Action item: Your answer must consist of the lines running from the one that holds "Vienna Counter Height" to the end of the data, copied exactly.
= Beginning of Section =
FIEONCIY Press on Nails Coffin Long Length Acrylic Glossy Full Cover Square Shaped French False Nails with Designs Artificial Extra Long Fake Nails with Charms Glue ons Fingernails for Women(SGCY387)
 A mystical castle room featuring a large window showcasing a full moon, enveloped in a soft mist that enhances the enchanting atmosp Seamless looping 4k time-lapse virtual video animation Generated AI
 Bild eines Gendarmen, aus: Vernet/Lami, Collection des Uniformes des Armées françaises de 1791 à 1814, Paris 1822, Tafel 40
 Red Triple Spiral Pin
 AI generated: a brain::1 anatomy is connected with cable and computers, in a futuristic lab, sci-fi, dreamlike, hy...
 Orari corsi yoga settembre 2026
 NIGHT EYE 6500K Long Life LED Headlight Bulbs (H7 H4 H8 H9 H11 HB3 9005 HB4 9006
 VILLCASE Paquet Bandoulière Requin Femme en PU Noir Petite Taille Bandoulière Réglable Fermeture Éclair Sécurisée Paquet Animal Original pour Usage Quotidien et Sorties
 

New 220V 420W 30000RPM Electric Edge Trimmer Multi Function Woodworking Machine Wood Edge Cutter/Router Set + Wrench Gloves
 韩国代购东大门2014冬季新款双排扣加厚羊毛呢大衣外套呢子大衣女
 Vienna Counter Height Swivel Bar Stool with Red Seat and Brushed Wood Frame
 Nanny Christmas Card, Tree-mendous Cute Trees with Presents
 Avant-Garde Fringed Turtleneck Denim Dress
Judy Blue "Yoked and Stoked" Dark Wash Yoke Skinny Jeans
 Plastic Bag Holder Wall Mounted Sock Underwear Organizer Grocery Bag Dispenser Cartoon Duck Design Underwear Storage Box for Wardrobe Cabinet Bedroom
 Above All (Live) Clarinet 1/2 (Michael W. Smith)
= End of Section =
Answer below:
 Vienna Counter Height Swivel Bar Stool with Red Seat and Brushed Wood Frame
 Nanny Christmas Card, Tree-mendous Cute Trees with Presents
 Avant-Garde Fringed Turtleneck Denim Dress
Judy Blue "Yoked and Stoked" Dark Wash Yoke Skinny Jeans
 Plastic Bag Holder Wall Mounted Sock Underwear Organizer Grocery Bag Dispenser Cartoon Duck Design Underwear Storage Box for Wardrobe Cabinet Bedroom
 Above All (Live) Clarinet 1/2 (Michael W. Smith)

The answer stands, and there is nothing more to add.